Weekly Recap 11th March – 17th March

18th March 2019

 

Price action in the Euro, Swiss Franc and Australian and Kiwi Dollars was limited, with all four currencies ending the week broadly unchanged in trade-weighted terms. Central banks in G10 economies are on hold for the foreseeable future and this has contributed to muted volatility in most of major currency pairs.

Dollar

US macro data were mixed on the whole. Capital goods orders, a proxy for domestic investment, rose 0.4% mom in January but most indicators, including the NY Empire State manufacturing index, suggest that US GDP growth slowed in Q1 2019 and potentially quite sharply. Moreover, CPI-inflation came in weaker than expected in February and markets are now pricing 7bp of Fed rate cuts the Dollar lost 0.7%.

Sterling

The focus last week was on the three parliamentary votes, which went broadly as expected.
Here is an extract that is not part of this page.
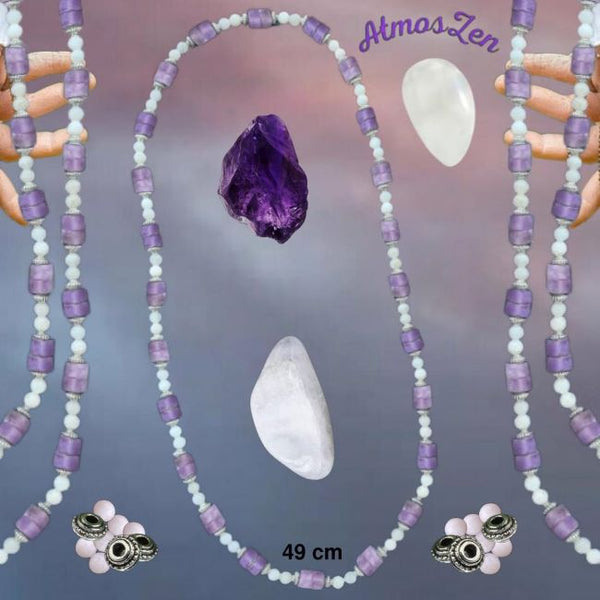 BRACELETS et COLLIER en PIERRE de LUNE et AMETHYSTE faits main - Atmos-Zen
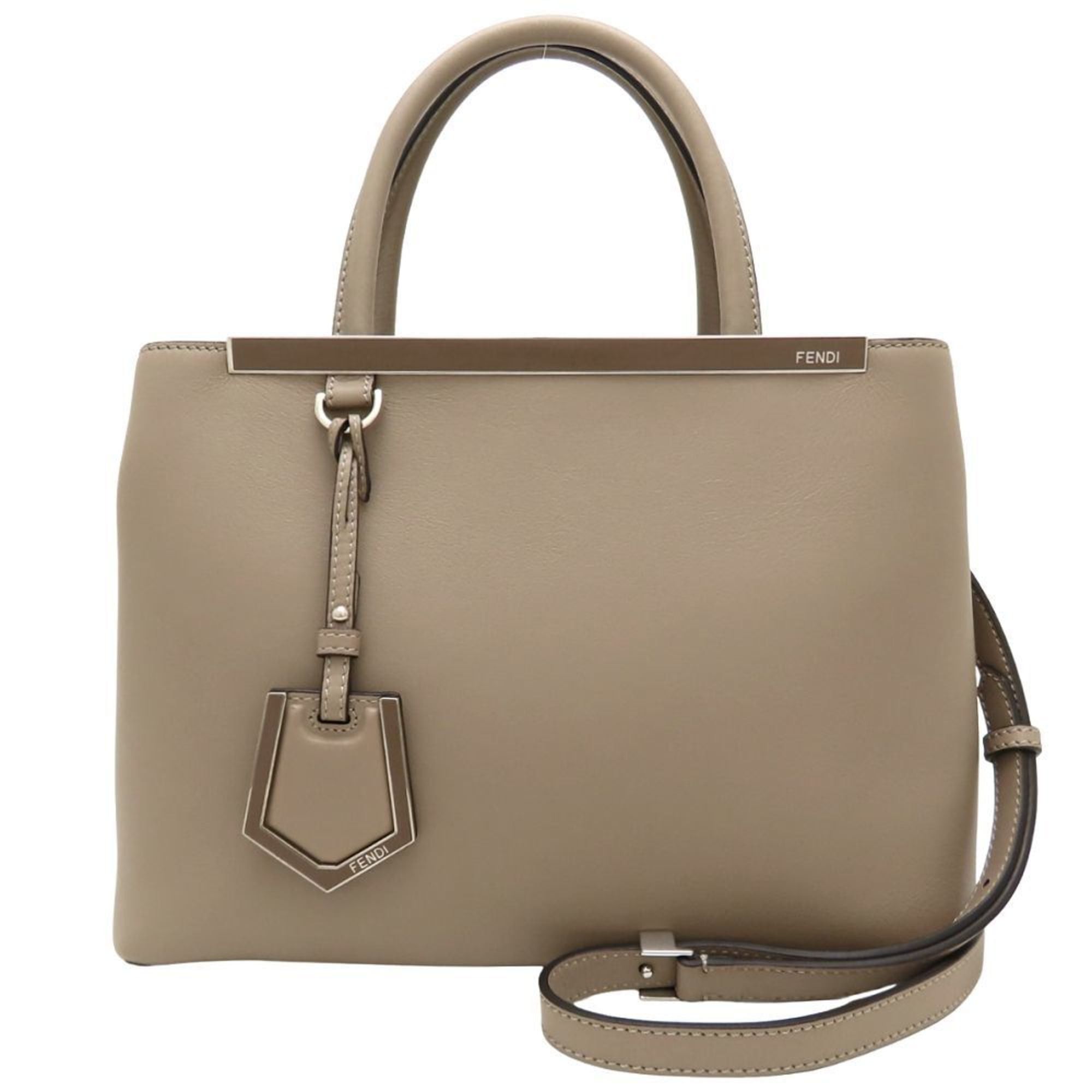 FENDI Petit Toujours 2-Way Handbag 8BH253 Calfskin Greige Women's 353042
On 11th March the House of Commons (again) voted against Prime Minister May’s draft Brexit deal with a significant majority, on 12th March the HoC voted in favour of the UK not exiting the EU without a deal and finally on the 13th the HoC voted in favour of seeking from the EU an extension to Article 50. Unsurprisingly Sterling was very volatile intra-day but ended the week up about 1.2%, with GBP/USD up to 1.327. Decent monthly GDP data for January of +0.5% mom and the UK’s strong fiscal position also seemingly provided some currency support.